Beaucoup font un parallèle entre «SUS Island» et «Mauritius c’est un plaisir» . Pour rappel, le deuxième slogan est l’image de marque du pays qui a été lancée le 8 octobre 2009. Le «M» représente la montagne Pieter Both. Ce branding a été placé sous la tutelle du ministre du Tourisme d’alors, Xavier-Luc Duval, et les travaux ont duré 18 mois. La firme britannique Acanchi a conçu cette stratégie de marque, avec la participation d’un comité de coordination public-privé. Le but de cette nouvelle identité était de faire la promotion du pays tant auprès des touristes que des investisseurs étrangers. Toutefois elle a été décriée par de nombreux observateurs qui ont déploré le slogan et se sont étonnés du coût. L’image de marque a été réalisée par Acanchi au coût de Rs 39 millions. La cérémonie de lancement, à La Citadelle, a requis Rs 3,8 millions, un chiffre fourni le 3 août 2010 au Parlement par le ministre du Tourisme, Nando Bodha, en réponse à une question du député mauve Kavy Ramano. Cette somme a servi à payer, entre autres, la sonorisation, le podium, la décoration, la restauration dont un cocktail dînatoire à Rs 804 173 ou encore un spectacle. La polémique a enflé à tel point que Xavier-Luc Duval s’est publiquement défendu. Quelques jours après la séance parlementaire, le ministre de l’Intégration sociale a émis un communiqué où il dit regretter «une polémique alimentée principalement par l’opposition et répercutée, parfois de façon outrancière, par une partie de la presse». Dans la foulée, il a rappelé qu’Acanchi, qui a été choisie suivant un appel d’offres, est une firme de renommée internationale qui a déjà conçu le brand de plusieurs pays et régions.
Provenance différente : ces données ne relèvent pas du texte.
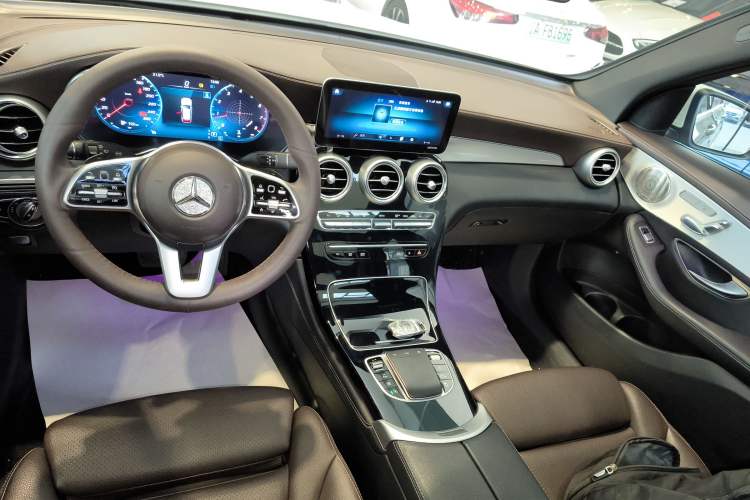 Used Mercedes-Benz GLC 2021 GLC 260 L 4MATIC Dynamic Edition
Mais Nando Bodha, lui, a pris ses distances du slogan «Mauritius c’est un plaisir». Il a préféré «Divine île Maurice» à l’intention des Français ou encore «Weddings are made in heaven» ciblant le marché indien pour une clientèle mariages et lunes de miel. Par contre, Robert Desvaux était attaché à «Mauritius c’est un plaisir». Reconduit à la présidence de la Mauritius Tourism Promotion Authority (MTPA) le 12 août 2011, ce proche de Xavier-Luc Duval a annoncé le retour du slogan.
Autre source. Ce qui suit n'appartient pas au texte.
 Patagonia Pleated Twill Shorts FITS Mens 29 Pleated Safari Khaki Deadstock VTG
Mais «Mauritius c’est un plaisir» ne faisait décidément pas plaisir aux successeurs de Xavier-Luc Duval au ministère du Tourisme. Intervenant lors des assises du Tourisme le 2 juin 2017, Anil Gayan a affirmé que cette identité serait remplacée. Deux ans plus tard, l’Economic Development Board (EDB) a lancé un appel à manifestation d’intérêt pour des services d’un consultant en vue d’un «Country Branding» qui allie à la fois business et tourisme. L’exercice n’a pas encore été réalisé mais le projet de révision de la stratégie de marque a été conservé dans le Budget 2020-2021. Il y est stipulé : «To maintain the competitiveness of the industry, the MTPA and EDB will develop a new tourism branding strategy.» Il n’en demeure pas moins que le slogan «Mauritius c’est un plaisir» a marqué les esprits. Le 3 octobre 2019 lors du lancement du Metro Express, rétorquant à Xavier-Luc Duval, alors leader de l’opposition, sur les Rs 20 millions qu’aurait coûtées la logistique autour du lancement du métro, Nando Bodha a lancé à son adresse : «Komié ‘C’est un plaisir’ ti kouté?»